Take the lines below from the one with "The nervous system includes" through the one with "Let's talk about" and print only them, exactly. Don't print the pictures.

**** DATA TO USE

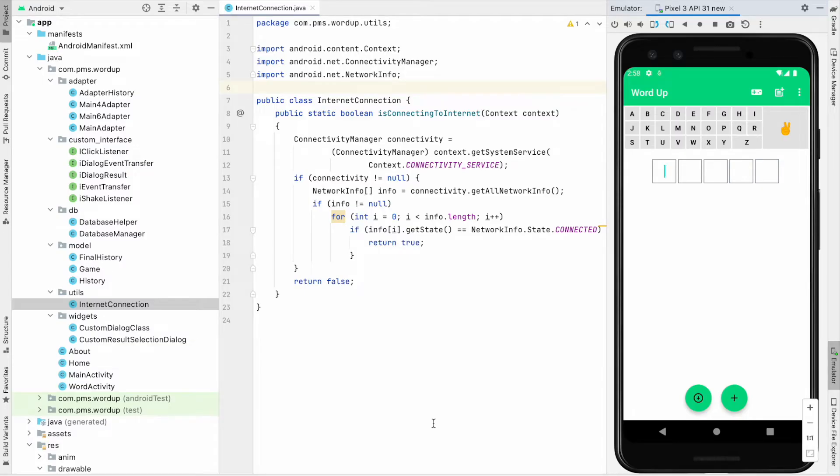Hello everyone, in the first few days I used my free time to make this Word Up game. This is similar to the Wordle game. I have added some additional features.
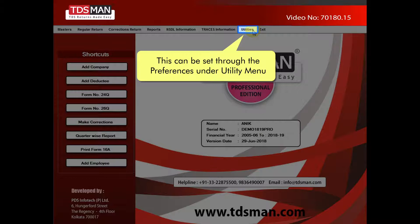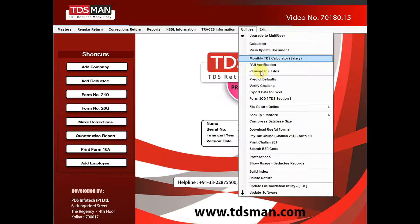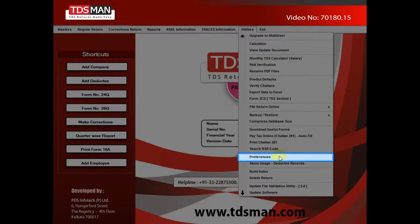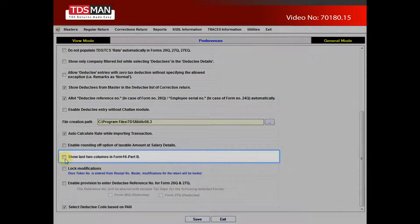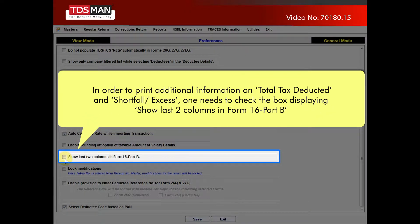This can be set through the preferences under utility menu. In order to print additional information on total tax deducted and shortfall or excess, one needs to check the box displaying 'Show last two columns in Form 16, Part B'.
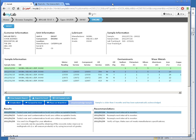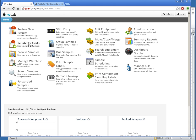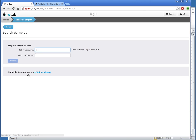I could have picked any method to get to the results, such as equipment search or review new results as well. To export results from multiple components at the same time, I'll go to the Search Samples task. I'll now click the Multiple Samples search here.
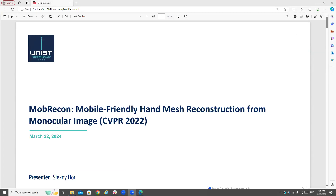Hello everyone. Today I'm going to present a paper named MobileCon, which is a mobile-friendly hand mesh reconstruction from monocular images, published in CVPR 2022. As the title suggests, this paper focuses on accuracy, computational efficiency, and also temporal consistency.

********
**** DATA TO USE

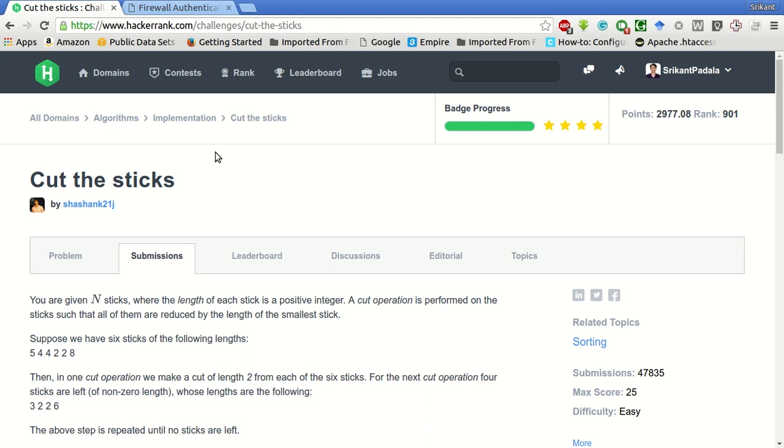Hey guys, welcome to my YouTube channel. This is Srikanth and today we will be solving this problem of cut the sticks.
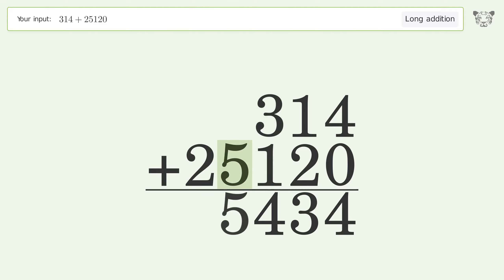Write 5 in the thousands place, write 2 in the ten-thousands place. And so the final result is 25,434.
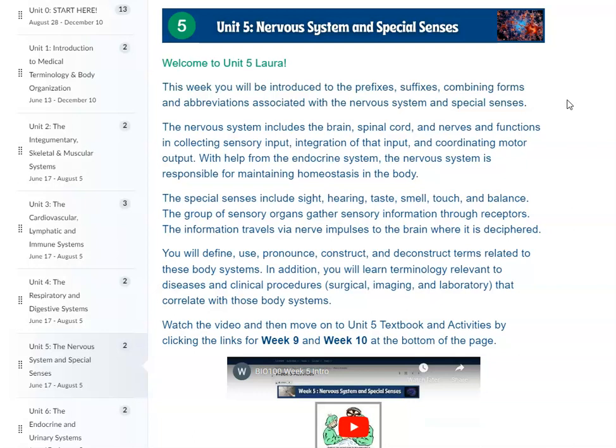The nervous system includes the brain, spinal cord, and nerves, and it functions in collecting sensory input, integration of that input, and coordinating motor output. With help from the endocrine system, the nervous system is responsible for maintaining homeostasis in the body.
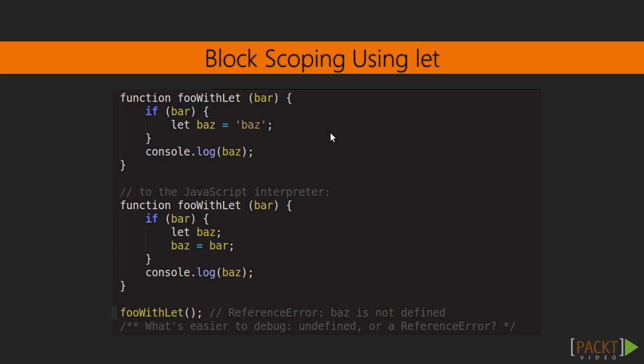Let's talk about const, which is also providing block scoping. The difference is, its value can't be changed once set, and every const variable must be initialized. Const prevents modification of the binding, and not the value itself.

********

■ **RESULT OF THE EXERCISE**:
The nervous system includes the brain, spinal cord, and nerves, and it functions in collecting sensory input, integration of that input, and coordinating motor output. With help from the endocrine system, the nervous system is responsible for maintaining homeostasis in the body.
Let's talk about const, which is also providing block scoping. The difference is, its value can't be changed once set, and every const variable must be initialized. Const prevents modification of the binding, and not the value itself.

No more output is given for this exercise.